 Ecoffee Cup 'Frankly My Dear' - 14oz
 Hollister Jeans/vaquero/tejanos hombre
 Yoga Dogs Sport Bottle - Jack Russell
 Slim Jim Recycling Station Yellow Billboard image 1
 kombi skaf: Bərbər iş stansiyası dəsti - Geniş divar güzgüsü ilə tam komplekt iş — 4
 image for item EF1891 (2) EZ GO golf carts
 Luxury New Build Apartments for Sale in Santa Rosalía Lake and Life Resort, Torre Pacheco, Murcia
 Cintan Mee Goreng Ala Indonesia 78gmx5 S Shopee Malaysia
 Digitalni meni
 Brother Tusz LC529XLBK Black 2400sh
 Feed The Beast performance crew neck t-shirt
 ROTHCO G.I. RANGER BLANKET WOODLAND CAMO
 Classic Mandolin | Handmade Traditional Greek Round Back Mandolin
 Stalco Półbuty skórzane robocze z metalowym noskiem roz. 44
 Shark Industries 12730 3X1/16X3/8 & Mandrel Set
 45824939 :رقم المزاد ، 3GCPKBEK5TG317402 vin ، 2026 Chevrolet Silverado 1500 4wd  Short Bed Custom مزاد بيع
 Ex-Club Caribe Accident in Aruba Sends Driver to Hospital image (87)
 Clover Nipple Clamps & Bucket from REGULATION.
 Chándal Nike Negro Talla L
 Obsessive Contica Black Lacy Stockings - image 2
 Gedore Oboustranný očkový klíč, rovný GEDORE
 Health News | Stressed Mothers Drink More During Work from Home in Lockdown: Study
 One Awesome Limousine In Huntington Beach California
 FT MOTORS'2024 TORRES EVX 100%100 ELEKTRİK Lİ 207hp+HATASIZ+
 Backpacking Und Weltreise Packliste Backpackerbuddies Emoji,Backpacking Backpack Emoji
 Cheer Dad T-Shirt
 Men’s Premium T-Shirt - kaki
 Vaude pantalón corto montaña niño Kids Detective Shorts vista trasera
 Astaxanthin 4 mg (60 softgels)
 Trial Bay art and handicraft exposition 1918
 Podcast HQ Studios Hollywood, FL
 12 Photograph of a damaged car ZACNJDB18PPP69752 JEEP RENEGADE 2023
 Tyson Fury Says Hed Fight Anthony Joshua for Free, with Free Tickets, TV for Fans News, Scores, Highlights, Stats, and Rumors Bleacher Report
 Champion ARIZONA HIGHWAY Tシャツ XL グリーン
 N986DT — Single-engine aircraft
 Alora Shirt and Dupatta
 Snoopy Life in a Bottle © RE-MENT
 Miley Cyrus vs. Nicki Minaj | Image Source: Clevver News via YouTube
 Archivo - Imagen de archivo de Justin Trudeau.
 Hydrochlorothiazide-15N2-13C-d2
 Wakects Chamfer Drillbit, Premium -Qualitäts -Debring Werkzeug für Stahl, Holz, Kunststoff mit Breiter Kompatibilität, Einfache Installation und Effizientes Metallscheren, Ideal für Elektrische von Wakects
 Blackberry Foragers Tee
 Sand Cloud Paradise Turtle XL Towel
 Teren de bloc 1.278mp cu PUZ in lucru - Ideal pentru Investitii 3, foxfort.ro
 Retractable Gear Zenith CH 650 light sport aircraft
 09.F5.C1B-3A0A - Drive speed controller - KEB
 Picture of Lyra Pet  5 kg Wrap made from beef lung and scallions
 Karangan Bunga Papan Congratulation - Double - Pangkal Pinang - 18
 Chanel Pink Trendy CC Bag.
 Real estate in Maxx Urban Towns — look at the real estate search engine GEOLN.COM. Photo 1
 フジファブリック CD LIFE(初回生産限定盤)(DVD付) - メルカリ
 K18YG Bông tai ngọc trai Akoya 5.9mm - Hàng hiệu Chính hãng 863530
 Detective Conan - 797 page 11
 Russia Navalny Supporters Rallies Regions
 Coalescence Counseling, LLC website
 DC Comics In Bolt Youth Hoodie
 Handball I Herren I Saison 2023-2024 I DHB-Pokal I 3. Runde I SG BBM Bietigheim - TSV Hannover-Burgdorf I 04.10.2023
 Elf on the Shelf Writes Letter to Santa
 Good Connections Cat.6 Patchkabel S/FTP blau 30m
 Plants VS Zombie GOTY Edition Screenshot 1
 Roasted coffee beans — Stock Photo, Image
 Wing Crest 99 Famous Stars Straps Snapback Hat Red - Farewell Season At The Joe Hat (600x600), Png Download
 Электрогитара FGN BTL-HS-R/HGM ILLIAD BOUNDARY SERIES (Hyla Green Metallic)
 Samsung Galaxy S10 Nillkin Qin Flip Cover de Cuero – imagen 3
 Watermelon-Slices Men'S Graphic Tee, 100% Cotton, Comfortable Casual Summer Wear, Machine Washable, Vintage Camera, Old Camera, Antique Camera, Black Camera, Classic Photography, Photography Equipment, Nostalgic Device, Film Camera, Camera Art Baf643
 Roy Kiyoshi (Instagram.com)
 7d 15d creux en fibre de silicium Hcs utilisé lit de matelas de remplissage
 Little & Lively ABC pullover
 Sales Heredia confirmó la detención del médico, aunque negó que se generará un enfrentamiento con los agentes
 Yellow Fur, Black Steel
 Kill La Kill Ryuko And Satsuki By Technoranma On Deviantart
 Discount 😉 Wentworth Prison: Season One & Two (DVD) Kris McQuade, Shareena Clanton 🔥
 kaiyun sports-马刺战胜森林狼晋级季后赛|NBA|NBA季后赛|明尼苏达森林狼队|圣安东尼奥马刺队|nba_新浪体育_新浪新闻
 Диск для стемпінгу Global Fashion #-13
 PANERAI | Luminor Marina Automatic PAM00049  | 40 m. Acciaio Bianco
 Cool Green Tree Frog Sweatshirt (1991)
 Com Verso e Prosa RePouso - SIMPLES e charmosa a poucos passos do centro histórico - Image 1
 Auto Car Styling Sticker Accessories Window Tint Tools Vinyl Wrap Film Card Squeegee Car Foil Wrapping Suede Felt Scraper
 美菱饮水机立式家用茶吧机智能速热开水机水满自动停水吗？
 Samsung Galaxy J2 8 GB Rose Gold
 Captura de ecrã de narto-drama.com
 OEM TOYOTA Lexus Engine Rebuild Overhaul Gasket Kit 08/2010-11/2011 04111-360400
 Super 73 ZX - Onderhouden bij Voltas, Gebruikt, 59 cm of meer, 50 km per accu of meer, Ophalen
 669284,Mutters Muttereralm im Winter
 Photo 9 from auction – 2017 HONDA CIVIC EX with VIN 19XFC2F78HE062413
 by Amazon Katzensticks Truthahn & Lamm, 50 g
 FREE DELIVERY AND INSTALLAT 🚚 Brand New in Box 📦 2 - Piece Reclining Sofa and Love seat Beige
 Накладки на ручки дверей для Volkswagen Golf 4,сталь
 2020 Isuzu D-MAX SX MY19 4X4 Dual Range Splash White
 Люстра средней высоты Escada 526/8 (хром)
☆ ☆ ☆ ☆ ☆
Your goal: Transcribe, with no changes, the listing above from its first line through the line with "One Awesome Limousine", including that line, and stop once it is done.

Exercise result:
 Ecoffee Cup 'Frankly My Dear' - 14oz
 Hollister Jeans/vaquero/tejanos hombre
 Yoga Dogs Sport Bottle - Jack Russell
 Slim Jim Recycling Station Yellow Billboard image 1
 kombi skaf: Bərbər iş stansiyası dəsti - Geniş divar güzgüsü ilə tam komplekt iş — 4
 image for item EF1891 (2) EZ GO golf carts
 Luxury New Build Apartments for Sale in Santa Rosalía Lake and Life Resort, Torre Pacheco, Murcia
 Cintan Mee Goreng Ala Indonesia 78gmx5 S Shopee Malaysia
 Digitalni meni
 Brother Tusz LC529XLBK Black 2400sh
 Feed The Beast performance crew neck t-shirt
 ROTHCO G.I. RANGER BLANKET WOODLAND CAMO
 Classic Mandolin | Handmade Traditional Greek Round Back Mandolin
 Stalco Półbuty skórzane robocze z metalowym noskiem roz. 44
 Shark Industries 12730 3X1/16X3/8 & Mandrel Set
 45824939 :رقم المزاد ، 3GCPKBEK5TG317402 vin ، 2026 Chevrolet Silverado 1500 4wd  Short Bed Custom مزاد بيع
 Ex-Club Caribe Accident in Aruba Sends Driver to Hospital image (87)
 Clover Nipple Clamps & Bucket from REGULATION.
 Chándal Nike Negro Talla L
 Obsessive Contica Black Lacy Stockings - image 2
 Gedore Oboustranný očkový klíč, rovný GEDORE
 Health News | Stressed Mothers Drink More During Work from Home in Lockdown: Study
 One Awesome Limousine In Huntington Beach California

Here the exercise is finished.